(Web page caption snippets)
····················

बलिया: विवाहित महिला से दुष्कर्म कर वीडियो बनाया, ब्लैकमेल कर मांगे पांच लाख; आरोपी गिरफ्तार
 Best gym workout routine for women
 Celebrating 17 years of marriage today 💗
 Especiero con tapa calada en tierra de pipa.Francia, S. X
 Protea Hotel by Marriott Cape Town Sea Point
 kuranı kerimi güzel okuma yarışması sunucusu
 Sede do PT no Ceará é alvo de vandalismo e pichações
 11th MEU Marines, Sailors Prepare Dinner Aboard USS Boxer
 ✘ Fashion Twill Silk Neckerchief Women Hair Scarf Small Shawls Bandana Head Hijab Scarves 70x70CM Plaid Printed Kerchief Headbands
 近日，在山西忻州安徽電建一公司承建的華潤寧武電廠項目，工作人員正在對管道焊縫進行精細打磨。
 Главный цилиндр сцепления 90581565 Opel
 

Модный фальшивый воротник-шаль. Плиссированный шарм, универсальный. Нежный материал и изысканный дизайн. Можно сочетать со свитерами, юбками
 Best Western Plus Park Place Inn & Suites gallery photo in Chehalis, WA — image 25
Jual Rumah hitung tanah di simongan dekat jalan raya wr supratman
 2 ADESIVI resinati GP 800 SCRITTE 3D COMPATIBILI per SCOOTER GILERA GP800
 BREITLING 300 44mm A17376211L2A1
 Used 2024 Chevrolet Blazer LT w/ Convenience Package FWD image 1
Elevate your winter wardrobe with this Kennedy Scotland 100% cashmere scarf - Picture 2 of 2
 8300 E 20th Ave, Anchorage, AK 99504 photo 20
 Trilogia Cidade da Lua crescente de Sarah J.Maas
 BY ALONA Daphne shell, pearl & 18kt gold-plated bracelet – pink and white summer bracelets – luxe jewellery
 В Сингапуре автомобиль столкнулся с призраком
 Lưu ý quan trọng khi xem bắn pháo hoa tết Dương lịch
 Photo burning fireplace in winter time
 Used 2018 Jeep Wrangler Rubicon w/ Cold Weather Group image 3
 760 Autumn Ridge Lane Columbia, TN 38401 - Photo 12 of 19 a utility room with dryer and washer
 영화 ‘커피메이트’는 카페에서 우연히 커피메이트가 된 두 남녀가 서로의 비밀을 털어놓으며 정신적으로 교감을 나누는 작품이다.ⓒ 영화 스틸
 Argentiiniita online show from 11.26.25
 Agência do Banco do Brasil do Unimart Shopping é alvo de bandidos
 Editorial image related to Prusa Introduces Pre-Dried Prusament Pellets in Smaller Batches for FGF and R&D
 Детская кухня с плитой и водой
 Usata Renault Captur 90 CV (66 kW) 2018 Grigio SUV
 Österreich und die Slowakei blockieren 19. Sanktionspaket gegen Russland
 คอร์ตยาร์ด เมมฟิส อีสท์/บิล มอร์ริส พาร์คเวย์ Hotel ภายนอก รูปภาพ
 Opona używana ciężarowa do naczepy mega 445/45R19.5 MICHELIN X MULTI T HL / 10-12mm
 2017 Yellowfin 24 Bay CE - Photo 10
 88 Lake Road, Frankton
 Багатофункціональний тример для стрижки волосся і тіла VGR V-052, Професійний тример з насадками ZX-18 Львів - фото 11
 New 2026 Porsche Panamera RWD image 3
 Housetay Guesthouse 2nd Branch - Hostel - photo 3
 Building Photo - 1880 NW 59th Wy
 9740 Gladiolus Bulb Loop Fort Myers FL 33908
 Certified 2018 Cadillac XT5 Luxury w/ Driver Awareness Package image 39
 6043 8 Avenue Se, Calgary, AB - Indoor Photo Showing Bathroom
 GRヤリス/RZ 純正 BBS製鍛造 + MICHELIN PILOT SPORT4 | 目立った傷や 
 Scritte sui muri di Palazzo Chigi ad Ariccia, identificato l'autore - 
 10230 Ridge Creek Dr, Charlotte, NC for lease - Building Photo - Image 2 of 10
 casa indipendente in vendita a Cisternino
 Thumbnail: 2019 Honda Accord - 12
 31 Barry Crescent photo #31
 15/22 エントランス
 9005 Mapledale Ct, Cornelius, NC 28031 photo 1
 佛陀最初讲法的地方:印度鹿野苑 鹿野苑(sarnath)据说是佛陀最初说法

····················

# [The problem]
Say how many lines in the entries above contain the string "alvo", offering no other words.

# [Result for this exercise]
2